Distinct List of Hits after Filter


(Craig McNicholas) #1

Hi all, new to ElasticSearch and I have made good progress with a number of queries I am looking to execute. However one seems to elude me.

I have the following document structure.

{
  "resourceId": 101,
  "sourceId": 201,
  "sourceTypeId": 301,
  "attributeId": 401,
  "term": "The cat sat on the mat"
}

There can exist multiple documents with the same resourceId but never a document with the same attributeId and resourceId (my composite key).
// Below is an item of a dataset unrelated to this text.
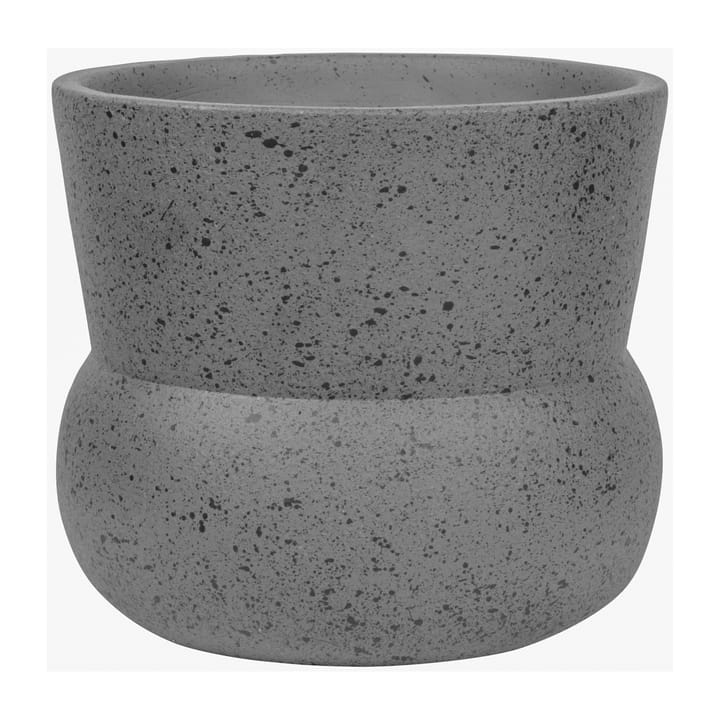 Stone flowerpot Ø17 cm, 灰色 Mette Ditmer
I am currently running this query to get me all results that match a sourceTypeId and attributeId (or number of them) and a search term:

{
  "size": 20,
  "from": 0,
  "query" : {
    "bool": {
      "filter": [ {
        "terms": {
          "sourceTypeId": [ 1000150 ]
        }
      }, {
        "terms": {
          "attributeId": [ 1000697 ]
        }
      } ],
      "must": {
        "fuzzy": { "term": "cat" }
      }
    }
  }
}

However I get duplicate resource id's which is to be expected, how would I go about extending this to return only documents with a distinct resourceId?
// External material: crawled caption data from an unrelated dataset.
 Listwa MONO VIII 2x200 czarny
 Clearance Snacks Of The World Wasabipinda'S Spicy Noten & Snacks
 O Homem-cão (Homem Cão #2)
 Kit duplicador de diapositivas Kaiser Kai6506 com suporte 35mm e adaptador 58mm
I am using AWS ElasticSearch so am locked to version 2.3 if that helps.


(Craig McNicholas) #2

Realized I might need more data for people to help out, so given this example set of documents:

{
  "resourceId": 101,
  "sourceId": 201,
  "sourceTypeId": 301,
  "attributeId": 401,
  "term": "The cat sat on the mat"
}, {
  "resourceId": 101,
  "sourceId": 201,
  "sourceTypeId": 301,
  "attributeId": 402,
  "term": "Fat"
}, {
  "resourceId": 102,
  "sourceId": 201,
  "sourceTypeId": 301,
  "attributeId": 401,
  "term": "Prat"
}, {
  "resourceId": 102,
  "sourceId": 201,
  "sourceTypeId": 301,
  "attributeId": 402,
  "term": "Double drat!"
}, {
  "resourceId": 103,
  "sourceId": 201,
  "sourceTypeId": 301,
  "attributeId": 404,
  "term": "Nothing fits here"
}

I want to fuzzy query on the field "term" for the text "at" and return the following resource id's:

[ 101, 102 ]

I need to be able to paginate over this data too as there are potentially thousands of distinct resource id's that will match.

So I believe I want some sort of size/from support once the query has been made and the documents have been made distinct. Hope that's clearer?


(system) #3

This topic was automatically closed 28 days after the last reply. New replies are no longer allowed.